Dead Wake: The Last Crossing of the Lusitania
Dead Wake: The Last Crossing of the Lusitania by Erik Larson (2016, Crown Reprint edition, paperback, 480 pages, $10.55) is the true story of the sinking of the British steamship ocean liner, the RMS Lusitania. Torpedoed by a German U-Boat during World War I, this book is perfectly titled. Dead wake is “a maritime term that describes the fading disturbance that lingers on the surface of a body of water long after a vessel (or torpedo) has passed.” This book goes beyond a predictable tragedy or war story due to Larson’s skill in capturing vivid details of people’s personalities and their motivations in life that he gleaned through letters and other historical documents.

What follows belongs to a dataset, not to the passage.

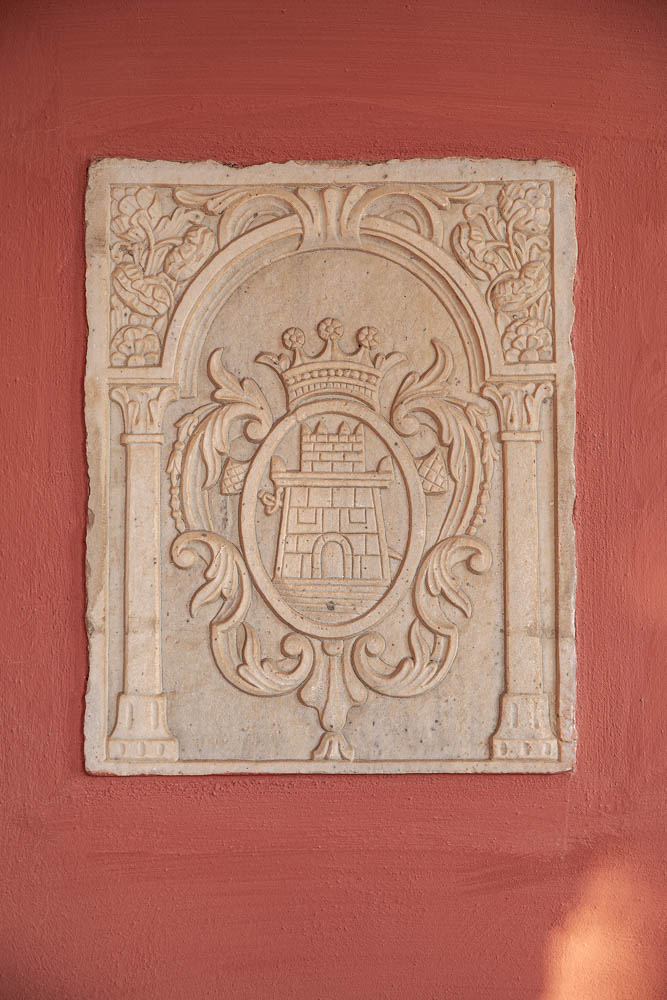 coat of arms mansion santorini luxury suites 78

Historical people that figure prominently in this book include the ship’s captain, Englishman William Thomas Turner, President Woodrow Wilson and Charles Lauriat, a bookseller carrying Charles Dickens’s copy of A Christmas Carol. Larson found a natural villain in the German U-Boat commander, Walther Schwieger, a 32-year-old man obsessed with achieving his “sunk tonnage” goals. As with most tragedies, many unfortunate circumstances collided to create the cataclysmic event. Perhaps the most egregious was the pennywise and pound foolish shipping company that ordered that only three of the four smoke stacks would be run to cut costs, which prevented the Lusitania from outrunning its attackers. Although 123 Americans were killed with the sinking the Lusitania off Ireland’s west coast, this loss of life did not compel President Woodrow Wilson to commit to helping the British for another two years. The lovelorn Wilson’s preoccupation with wooing Edith Bolling Gait is a wonderful addition to this sad tale.
According to an interview done for the American Booksellers Association, Larson spent seven days a week for about two years doing research before he wrote the first official page of his book. His knack for folding fact-based research into a compelling dramatic story is what typically rockets his nonfiction books to bestseller status. If the book was meant an homage to the 600 passengers and crew that remain lost, then Larson has done them justice.
Acclaim for Dead Wake when it was first released in hard cover included #1 History & Biography Book in the 2015 Goodreads Choice Awards, Finalist for the Washington State Book Award — History/General Nonfiction, A LibraryReads Top Ten Book of 2015, a Library Journal Top Ten Book of 2015, a Kirkus Best Book of 2015 and
A Washington Post Notable Nonfiction Book of 2015. Erik Larson is the author of five New York Times bestsellers, including The Devil in the White City, which stayed on the Times‘ hardcover and paperback lists for over five years. Larson has been a staff writer for The Wall Street Journal, and a contributing writer for Time Magazine. Larson’s investigative skills are unsurpassed. I look forward to reading his next fact-based book on whatever topic he chooses.